Jackson Lears. Rebirth of a Nation: The Making of Modern America, 1877-1920.
New York: Harper Collins, 2009.
In Lears' telling, America during the era between the end of the Civil War and World War I was marked by multiple public manifestations of millions of individual, private yearnings. Americans were, in aggregate if not always collectively, hungry for "regeneration", a concept which suffuses this book and takes a variety of forms.
The first chapter, "The Long Shadow of Appomattox", deals with the legacy of the Civil War--specifically, the legacy of years of brutal combat and hundreds of thousands of fatalities. The war traumatized many, and as it dragged on it raised more and more questions about the causes for which all those lives were sacrificed and so much suffering was inflicted.

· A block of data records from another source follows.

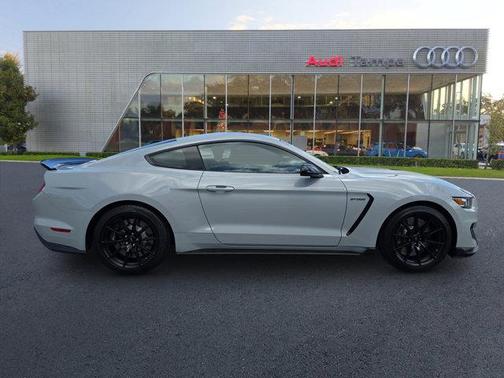 2016 Ford Shelby GT350 Base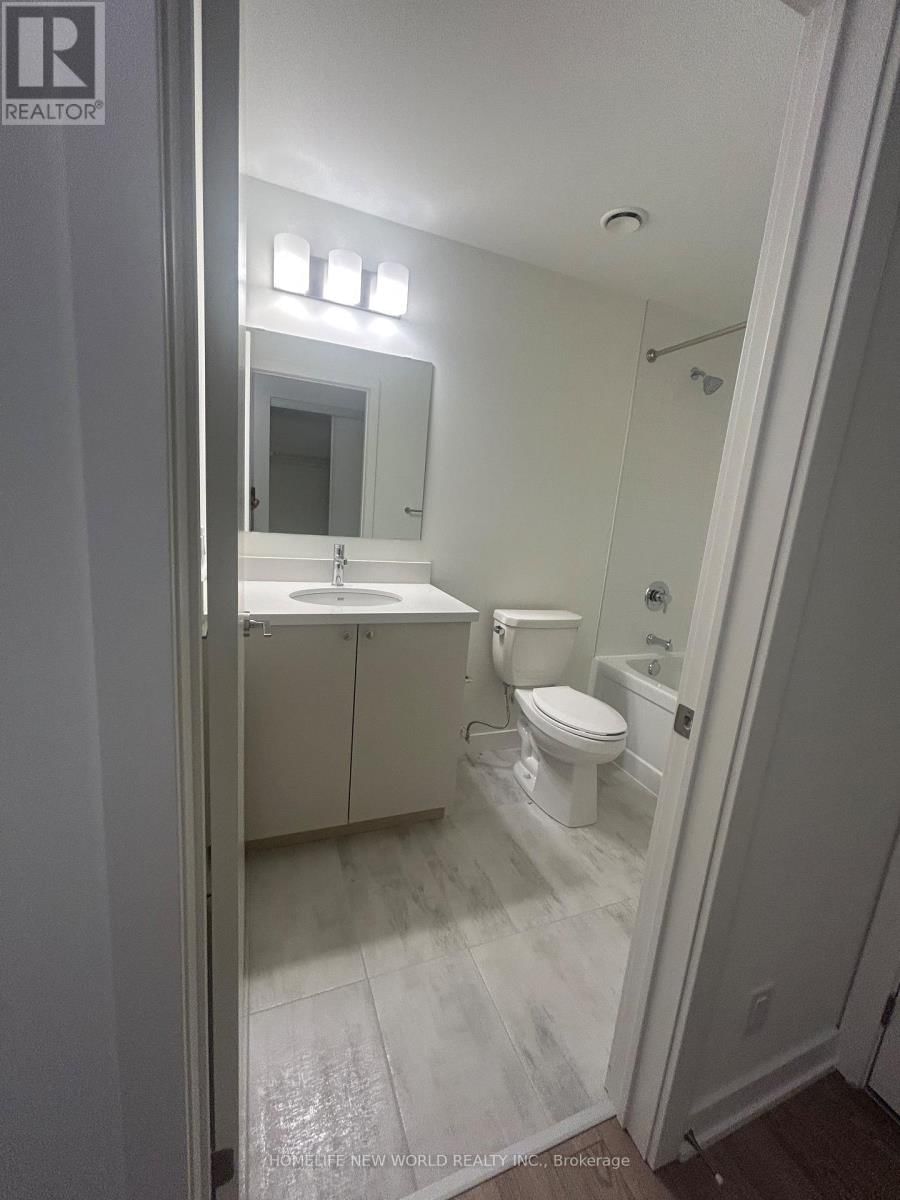 1210 - 51 CLARINGTON BOULEVARD Image 9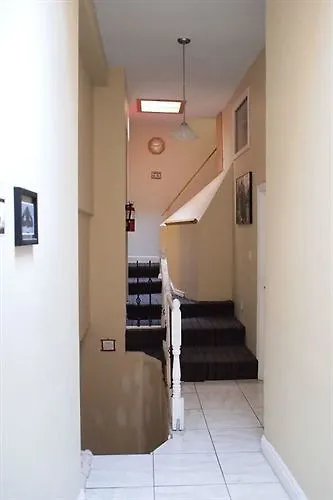 Kaisar Guest House Toronto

It became more difficult to question the cause, and more imperative to believe that it was all worth it.
Ultimately, the nation would develop a narrative which justified the "shared sacrifice" of both North and South; a narrative in which the "Anglo-Saxon race" had been tested and committed to blood sacrifice, and a narrative from which African-Americans were excluded. This emphasis on transcendent struggle and redemptive bloodshed would weigh heavily on the next generation which grew up without a similar grand crusade. Thus, men like Theodore Roosevelt--and millions more--looked for some cause, some worth sacrifice to give meaning to an existence many feared was becoming sterile and complacent.

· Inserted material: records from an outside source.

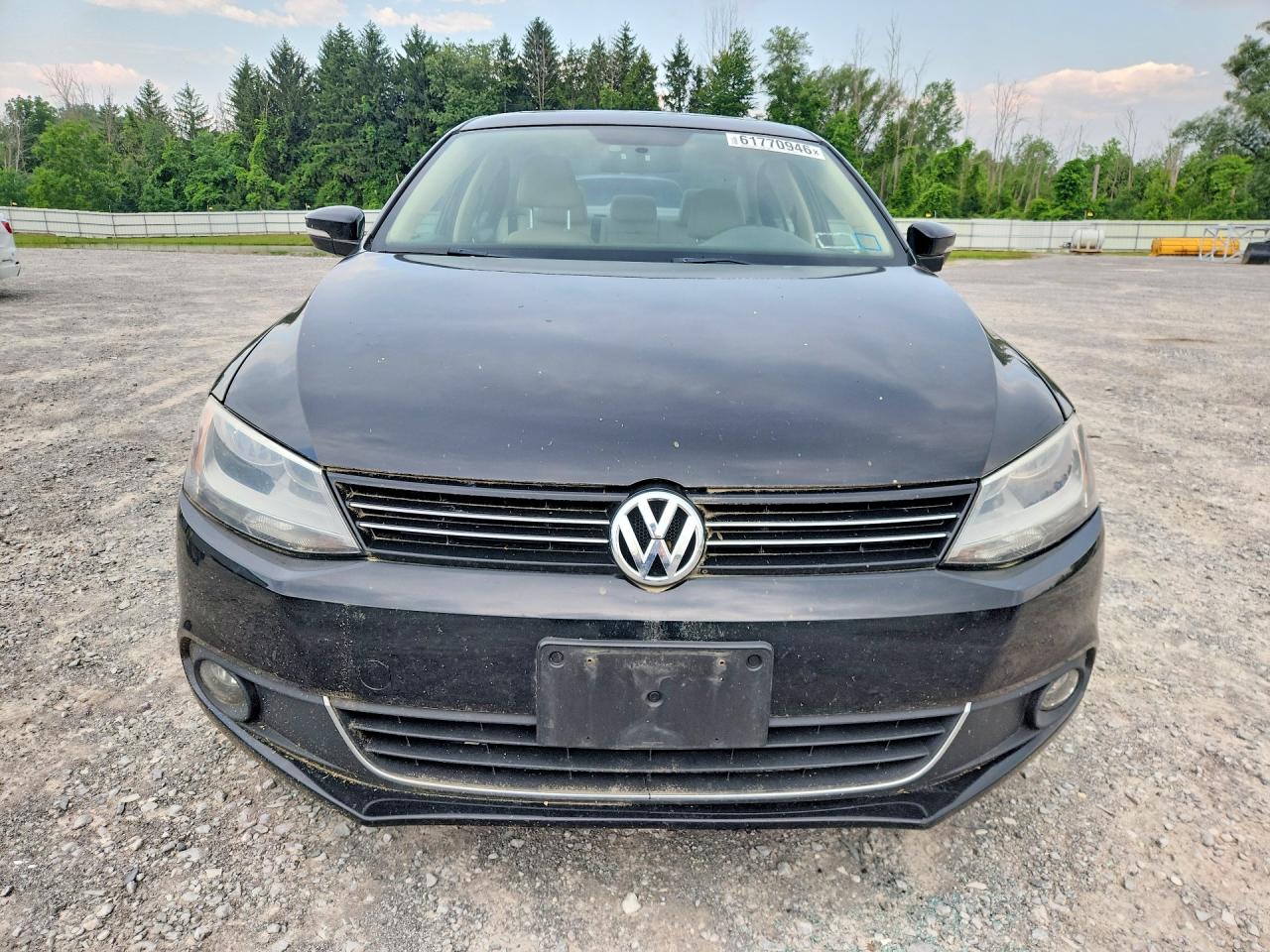 2011 VOLKSWAGEN JETTA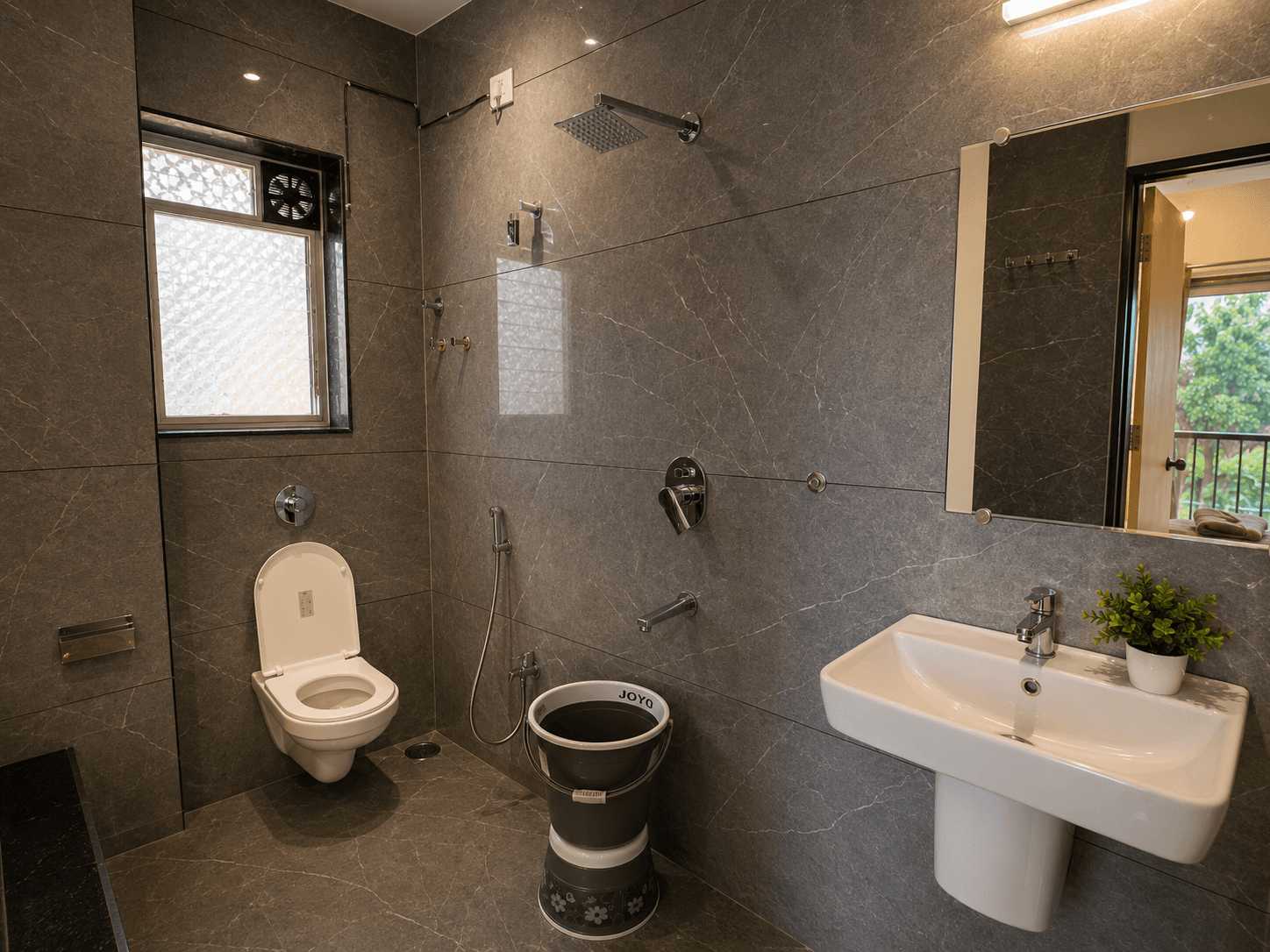 Modern Marble Bathroom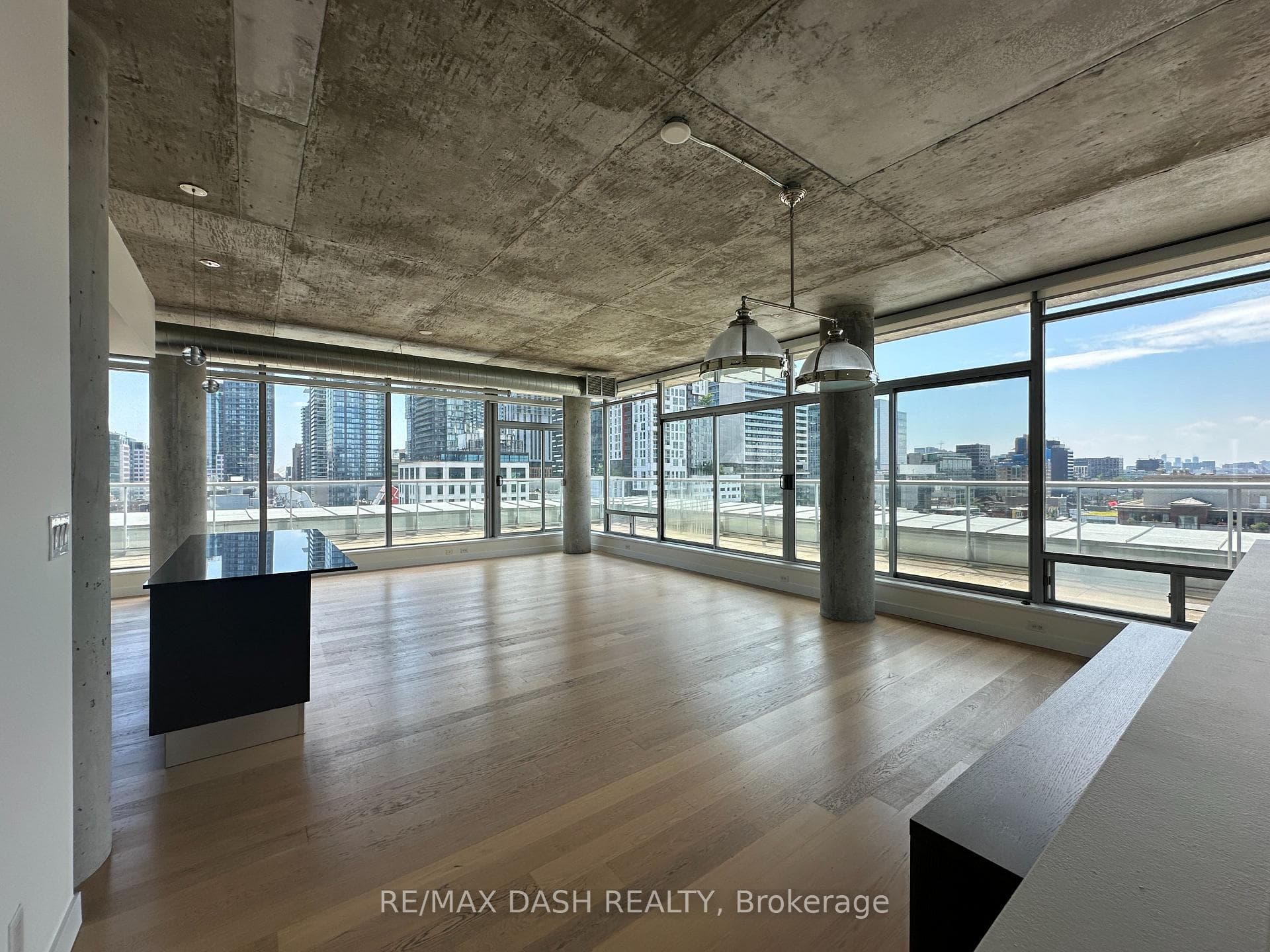 169 John Street Unit Ph03 photo 18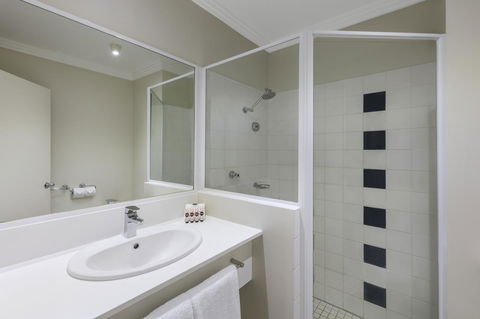 Mercure Brisbane Garden City - Accommodation BNB 11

Lears extends this restless quest across many of the familiar conflicts of the period--the agrarian revolt, labor unrest, Progressive reform, racial conflict, and the Spanish-American War--and finds a similar quest for regeneration in all of it. What he doesn't find, more often than not, is uplift--Lears is no cheap cynic, but he is anything but sentimental about this period in American history. He certainly has nothing good to say about Teddy Roosevelt, who epitomizes much of the American character of the time, in ways that Lears is frankly contemptuous of.
The First World War would kill the regenerative impulse just as the exhausting drive to sell the League of Nations to the American people would destroy Woodrow Wilson. But it would come back, he contends, in the wake of the terrorist attacks of September 11, 2001. Learn from history, he implies, or we will be doomed to create needless havoc in search of more dragons to slay.